DISCLAIMER: The articles and thoughts expressed on this page are the sole opinions of the individual author or group that expresses them and do not necessarily reflect the views of the Los Angeles Sentinel. We welcome comments from our readers. To send material for the editorial page be sure to include a name, your area of residence and if available, an e-mail where you can be contacted accompanying the material submitted. Please note, we maintain the right to edit for brevity and clarity. THE LOS ANGELES SENTINEL
Forming from a culture of clashes, race relations throughout American history have hardly ever been ideal. A nation built on continuous immigration, each demographic of the present day population have all experienced hardships as minorities attempting to integrate into the masses. The darkness of one’s skin directly correlated with the difficultly of the marginalization process. The African population of colonial times unwillingly inherited a new nation by way of slavery, while even previous generations of European immigrants were limited in resources needed to obtain the promises of the constitution.

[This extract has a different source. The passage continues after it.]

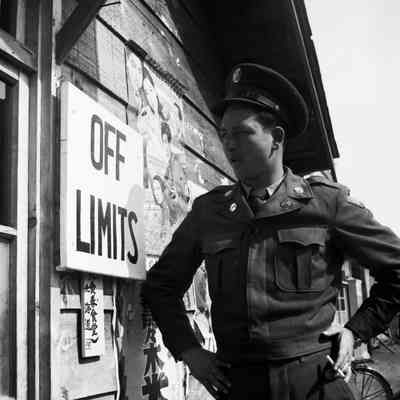 Soldier staring at a building posted "Off Limits"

Sixty years ago, the nation experienced the most beneficial revitalization of the American dream through the civil rights movement. After a hard fought battle, hundreds of years in the making, African Americans and other minorites finally received 1st class citizenship on legal basis. The Jim Crow laws were proven to be unconstitutional by the Supreme Court, separate but equal shattered, poll taxes erased, and affirmative action ensured diversity in all work places. Of course repealing the law does not necessarily repeal the racist motives from which the law stems but a start nonetheless. For the first time in American history, there were legal boundaries that separated minorities from oppression. Drastic changes ensued.
America has come a long way since the black and white days of the mid 20th century. The immigration carousel continues to turn making America more diverse than ever. People of Latino decent are now the second largest population, and as a nation for the people by the people, America has made valid efforts to adapt. The coexistence mentality used to break racial barriers in the sixty's has created new tensions within society, leaving many citizens insecure about the nations progress. A question was posed, what's the difference between not getting a job because the color of one’s skin... And not getting it because one does not speak Spanish?
A bilingual qualification has become common practice in many work places, creating an identity issue and causing some to question rather the racial selection process implemented in the 1960’s are at work today. Do not be mislead, the forces at work in the 1960’s are not the source of our current dilemma. The necessity to provide all citizens with services and goods has caused many businesses to limit their potential employment pool. Descending from the pinnacle of racial tensions, the nation is simply making efforts to accommodate for all demographics of the population.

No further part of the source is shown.